Error function etymology: Why the name?

Solution 1:

http://en.wikipedia.org/wiki/Errors_and_residuals_in_statistics

An "error" is the difference between a measurement and the value it would have had if the process of measurement were infallible and infinitely accurate. If one uses a single observed value as an estimate of the average of the population of values from which it was taken, then that observed value minus the population average is the error.

Sometimes (often) errors are modeled as being distributed normally, with probability distribution $$ \varphi_\sigma(x)\,dx = \frac 1 {\sqrt{2\pi}} \exp\left( \frac{-1} 2 \left(\frac x \sigma\right)^2 \right) \, \frac{dx} \sigma $$ with expected value $0$ and standard deviation $\sigma$.

The cumulative probability distribution function is $$ \Phi_\sigma(x) = \int_{-\infty}^x \varphi_\sigma(x)\,dx. $$ Up to a rescaling of $x$, this is the error function.
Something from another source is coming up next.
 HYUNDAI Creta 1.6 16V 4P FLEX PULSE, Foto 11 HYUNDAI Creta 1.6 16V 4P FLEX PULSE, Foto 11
The usual definition of the "error function" omits the factor of $1/2$, and thus the standard deviation of the distribution whose cumulative distribution function is the "error function" is not $1$. I am far from convinced that it ought to be rescaled in that way.

Solution 2:

The naming of normal distribution seems to be from Karl E. Pearson (p.112) see https://www.maa.org/sites/default/files/images/upload_library/22/Allendoerfer/stahl96.pdf

In addition, the paper hinted the origin of so called the "Error" function. It's indeed the (accumulated) error from the measurement against the "mean" (CDF).

My personal wild guess (just kidding but could be true) is that these gents studied the distance of the star Ceres and they were using their eyes (assisted by their crude apparatus).

Human eyes suffer from various Refractive Errors, hence, the "Error" function.